→ WHAT THIS TASK INVOLVES:
For the records below, give the number of lines containing the word "Hyundai" and no other text.

+ + + + + + +

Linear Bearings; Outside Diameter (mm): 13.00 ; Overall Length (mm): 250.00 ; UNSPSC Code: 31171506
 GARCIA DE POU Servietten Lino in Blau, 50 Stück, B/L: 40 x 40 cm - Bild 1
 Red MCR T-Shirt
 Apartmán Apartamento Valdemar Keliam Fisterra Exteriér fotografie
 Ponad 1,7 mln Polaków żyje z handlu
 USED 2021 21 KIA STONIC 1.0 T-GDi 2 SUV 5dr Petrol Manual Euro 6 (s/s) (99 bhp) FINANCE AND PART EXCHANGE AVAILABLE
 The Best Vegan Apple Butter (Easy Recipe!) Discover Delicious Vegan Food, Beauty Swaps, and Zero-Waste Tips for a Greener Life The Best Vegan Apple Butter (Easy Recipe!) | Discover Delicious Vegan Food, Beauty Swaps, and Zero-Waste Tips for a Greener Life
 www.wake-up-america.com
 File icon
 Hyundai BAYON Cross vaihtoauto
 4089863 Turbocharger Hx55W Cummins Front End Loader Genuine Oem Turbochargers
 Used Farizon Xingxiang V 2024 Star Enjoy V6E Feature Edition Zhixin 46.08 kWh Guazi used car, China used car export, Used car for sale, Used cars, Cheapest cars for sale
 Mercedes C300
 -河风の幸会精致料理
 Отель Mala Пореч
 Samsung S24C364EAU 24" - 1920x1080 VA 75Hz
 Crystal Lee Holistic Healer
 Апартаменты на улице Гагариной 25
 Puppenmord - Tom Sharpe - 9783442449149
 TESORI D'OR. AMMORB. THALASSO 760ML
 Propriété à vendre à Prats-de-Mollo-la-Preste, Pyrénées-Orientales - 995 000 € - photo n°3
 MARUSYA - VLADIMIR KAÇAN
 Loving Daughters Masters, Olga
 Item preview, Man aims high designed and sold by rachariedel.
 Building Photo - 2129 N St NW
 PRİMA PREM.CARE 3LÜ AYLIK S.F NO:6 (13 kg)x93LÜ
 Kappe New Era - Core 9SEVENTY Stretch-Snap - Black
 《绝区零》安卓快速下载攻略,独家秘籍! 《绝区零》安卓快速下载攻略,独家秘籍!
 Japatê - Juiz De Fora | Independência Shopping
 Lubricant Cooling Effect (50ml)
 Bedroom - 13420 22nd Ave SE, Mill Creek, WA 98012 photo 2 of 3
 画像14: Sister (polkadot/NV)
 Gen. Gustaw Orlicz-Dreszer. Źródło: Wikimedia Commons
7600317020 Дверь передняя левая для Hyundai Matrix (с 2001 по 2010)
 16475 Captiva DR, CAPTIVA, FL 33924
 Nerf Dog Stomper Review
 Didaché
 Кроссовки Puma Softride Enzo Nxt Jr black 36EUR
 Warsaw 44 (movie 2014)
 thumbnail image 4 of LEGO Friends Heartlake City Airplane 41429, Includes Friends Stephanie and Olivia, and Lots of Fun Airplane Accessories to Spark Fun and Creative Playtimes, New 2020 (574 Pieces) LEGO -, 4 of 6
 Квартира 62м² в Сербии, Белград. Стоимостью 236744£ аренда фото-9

+ + + + + + +

→ EXERCISE OUTPUT:
2